As seen in the previous diagrams, Study Results may be linked to Evidence Lines or directly to Statements they support. However, some organizations ‘pre-curate’ and store Study Results as stand-alone artifacts, which can subsequently be retrieved and assessed as evidence for higher order Statements they may support. In this context, a Study Result roots the general data structure below.

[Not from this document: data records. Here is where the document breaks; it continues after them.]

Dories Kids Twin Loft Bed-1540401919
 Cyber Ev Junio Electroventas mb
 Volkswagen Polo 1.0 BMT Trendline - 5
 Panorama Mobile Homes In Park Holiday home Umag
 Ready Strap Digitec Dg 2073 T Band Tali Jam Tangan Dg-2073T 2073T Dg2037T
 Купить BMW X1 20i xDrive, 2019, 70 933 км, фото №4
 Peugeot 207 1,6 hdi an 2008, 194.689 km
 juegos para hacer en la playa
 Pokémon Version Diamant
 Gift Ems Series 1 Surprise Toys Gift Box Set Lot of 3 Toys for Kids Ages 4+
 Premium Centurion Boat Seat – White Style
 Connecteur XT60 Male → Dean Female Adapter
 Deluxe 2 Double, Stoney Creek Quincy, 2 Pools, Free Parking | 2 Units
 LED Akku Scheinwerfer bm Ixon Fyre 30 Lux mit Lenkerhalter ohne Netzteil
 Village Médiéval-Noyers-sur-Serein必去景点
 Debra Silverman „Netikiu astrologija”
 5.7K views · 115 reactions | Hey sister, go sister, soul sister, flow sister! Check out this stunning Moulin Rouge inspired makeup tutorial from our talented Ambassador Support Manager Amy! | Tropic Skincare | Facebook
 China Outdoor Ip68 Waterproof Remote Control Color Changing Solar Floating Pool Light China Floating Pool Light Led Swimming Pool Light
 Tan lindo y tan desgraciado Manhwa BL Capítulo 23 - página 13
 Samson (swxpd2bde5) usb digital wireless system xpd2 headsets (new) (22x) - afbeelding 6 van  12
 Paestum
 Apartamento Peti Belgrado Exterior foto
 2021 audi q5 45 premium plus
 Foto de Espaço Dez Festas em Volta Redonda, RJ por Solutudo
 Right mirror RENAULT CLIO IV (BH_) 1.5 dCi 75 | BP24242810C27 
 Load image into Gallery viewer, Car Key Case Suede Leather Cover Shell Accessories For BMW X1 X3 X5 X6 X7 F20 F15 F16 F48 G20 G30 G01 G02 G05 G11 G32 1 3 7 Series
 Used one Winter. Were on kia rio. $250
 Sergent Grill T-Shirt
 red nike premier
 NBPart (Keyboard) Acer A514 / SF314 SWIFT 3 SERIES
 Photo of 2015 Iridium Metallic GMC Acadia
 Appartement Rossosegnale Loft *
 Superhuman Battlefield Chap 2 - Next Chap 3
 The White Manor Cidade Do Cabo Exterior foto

Study Result Data Structure
Legend A class-level view of the Study Result-based structures supported in VA-Spec data. Italicized text in each class exemplify the kind of information each may capture - here in the case of a Cohort Allele Frequency Study Result reporting data from the gnomAD dataset about a particular variant.
In this structure:
A Study Result and the data items it holds can be linked to the larger Data Set from which they came, and a description of the Study Group from which the data was collected.
Note that no Proposition object is used here, because Study Results represent more foundational data, and do not assert or assess evidence for possible facts about the domain.
As with Statements and Evidence Lines, classes surrounding a Study Result can be used to describe the provenance of the data it contains.
A data example illustrating this structure for a Study Result interpreted as evidence for a Variant Pathogenicity Statement can be found here.
More on the internal semantics of Study Result objects can be found in the Study Result Class page.